Are you suggesting that this is a bug in the existing code?

My read on this whole chunk is: if this is the first page we're scanning
and it's missing, let's have a look to make sure the whole THP isn't
truncated.  If it is, we return SCAN_TRUNCATED.  Otherwise, we fill up the
holes _starting from this index 0_.

AFAIU your change here will make that last sentence start from index 1.

> 
> > >
> > > > >                               }
> > > > >                               if (!shmem_charge(mapping->host, 1)) {
> > > > >                                       result = SCAN_FAIL;
> > > > >                                       goto xa_locked;
> > > > >                               }
> > > > > -                             xas_store(&xas, hpage);
> > > >
> > > > [I raised a question in the other thread on whether it's legal to not
> > > >  populate page cache holes at all.  We can keep the discussion there]
> > > >
> > > > >                               nr_none++;
> > > > >                               continue;
> > > > >                       }
> > > > > @@ -1967,6 +1974,46 @@ static int collapse_file(struct mm_struct *mm, unsigned long addr,
> > > > >               put_page(page);
> > > > >               goto xa_unlocked;
> > > > >       }
> > > > > +
> > > > > +     if (nr_none) {
> > > > > +             struct vm_area_struct *vma;
> > > > > +             int nr_none_check = 0;
> > > > > +
> > > > > +             xas_unlock_irq(&xas);
> > > > > +             i_mmap_lock_read(mapping);
> > > > > +             i_mmap_locked = true;
> > > > > +             xas_lock_irq(&xas);
> > > > > +
> > > > > +             xas_set(&xas, start);
> > > > > +             for (index = start; index < end; index++) {
> > > > > +                     if (!xas_next(&xas))

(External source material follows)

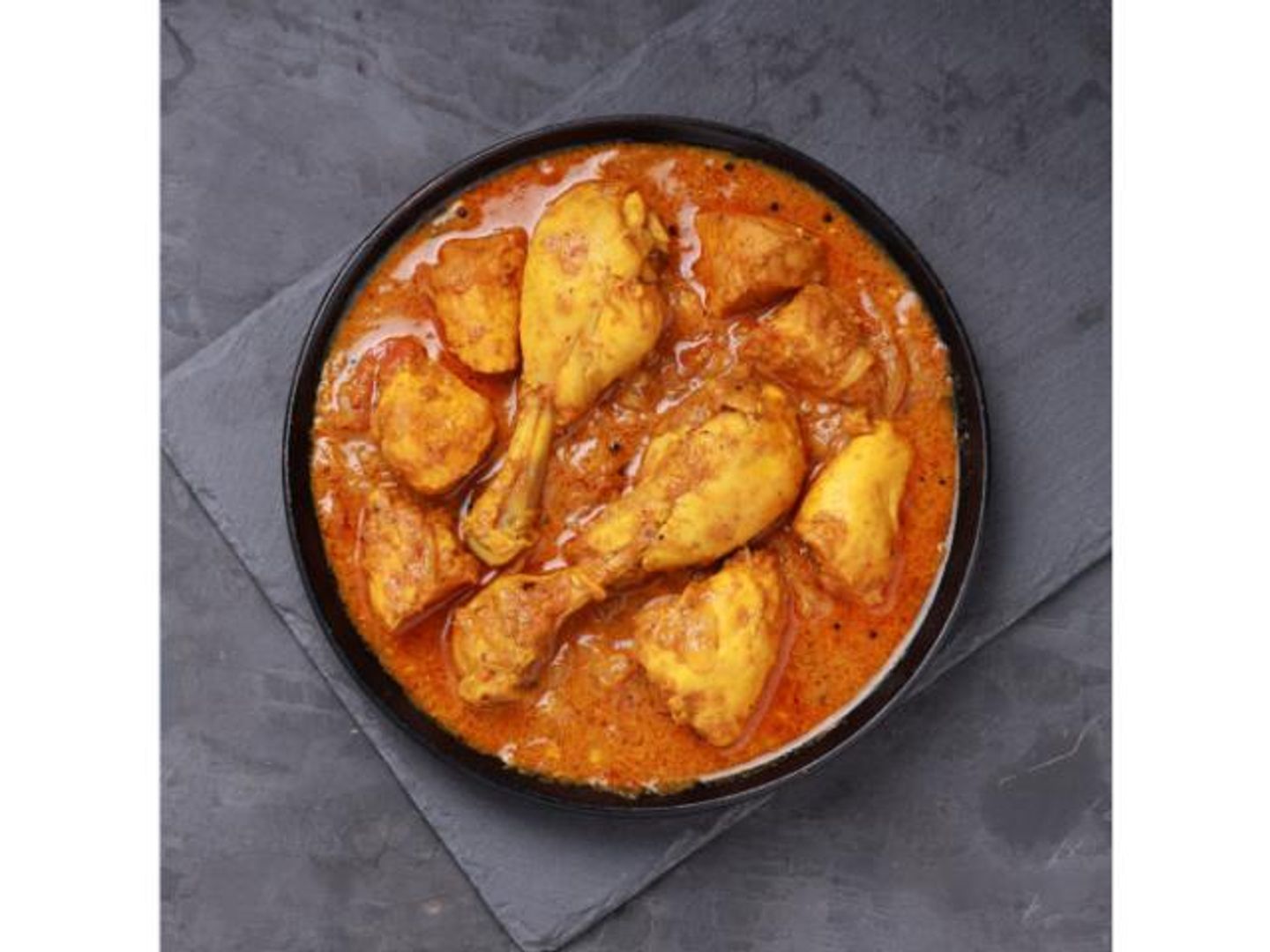Chicken Korma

> > > > > +                             nr_none_check++;
> > > > > +             }
> > > > > +
> > > > > +             if (nr_none != nr_none_check) {
> > > > > +                     result = SCAN_PAGE_FILLED;
> > > > > +                     goto xa_locked;
> > > > > +             }
> > > > > +
> > > > > +             /*
> > > > > +              * If userspace observed a missing page in a VMA with an armed
> > > > > +              * userfaultfd, then it might expect a UFFD_EVENT_PAGEFAULT for
> > > > > +              * that page, so we need to roll back to avoid suppressing such
> > > > > +              * an event. Any userfaultfds armed after this point will not be
> > > > > +              * able to observe any missing pages, since the page cache is
> > > > > +              * locked until after the collapse is completed.

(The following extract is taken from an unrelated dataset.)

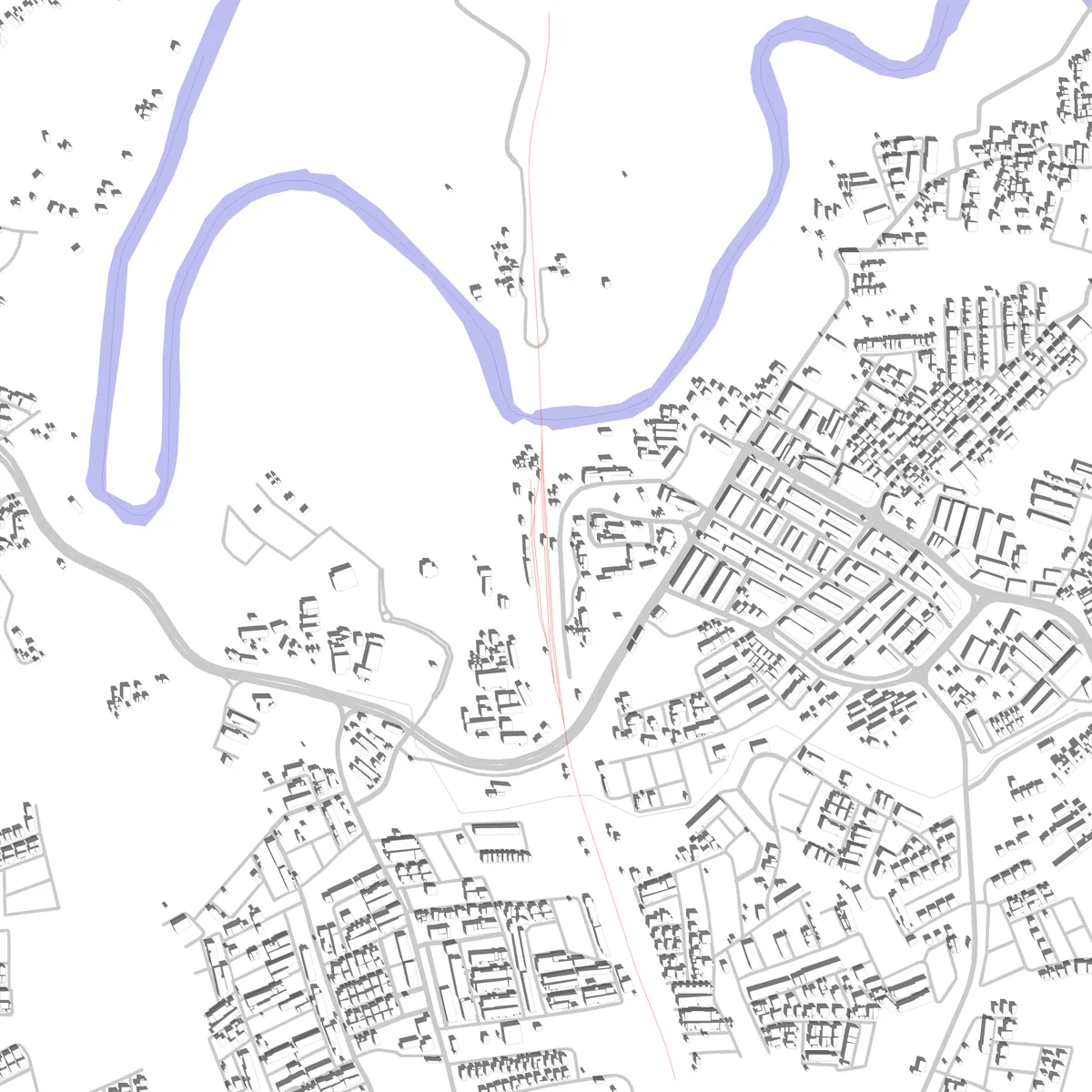 Mentakab site plan (2.5 km)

> > > > > +              *
> > > > > +              * Pairs with smp_wmb() in userfaultfd_set_vm_flags().
> > > > > +              */
> > > > > +             smp_rmb();
> > > > > +             vma_interval_tree_foreach(vma, &mapping->i_mmap, start, start) {
> > > > > +                     if (userfaultfd_missing(vma)) {
> > > > > +                             result = SCAN_EXCEED_NONE_PTE;
> > > > > +                             goto xa_locked;
> > > > > +                     }
> > > > > +             }
> > > > > +     }
> > > >
> > > > Thanks for writting the patch, but I am still confused why this can avoid
> > > > race conditions of uffd missing mode.
> > > >
> > > > I assume UFFDIO_REGISTER is defined as: after UFFDIO_REGISTER ioctl
> > > > succeeded on a specific shmem VMA, any page faults due to missing page
> > > > cache on this vma should generate a page fault.  If not, it's violating the
> > > > userfaultfd semantics.
> > > >
> > > > Here, I don't see what stops a new vma from registering MISSING mode right
> > > > away in parallel of collapsing.
> > > >
> > > > When registration completes, it means we should report uffd missing
> > > > messages on the holes that collapse_file() scanned previously.  However
> > > > they'll be filled very possibly later with the thp which means the messages
> > > > can be lost.  Then the issue can still happen, while this patch only makes
> > > > it very unlikely to happen, or am I wrong?
> > >
> > > This race can still happen, but I don't think it's actually a problem.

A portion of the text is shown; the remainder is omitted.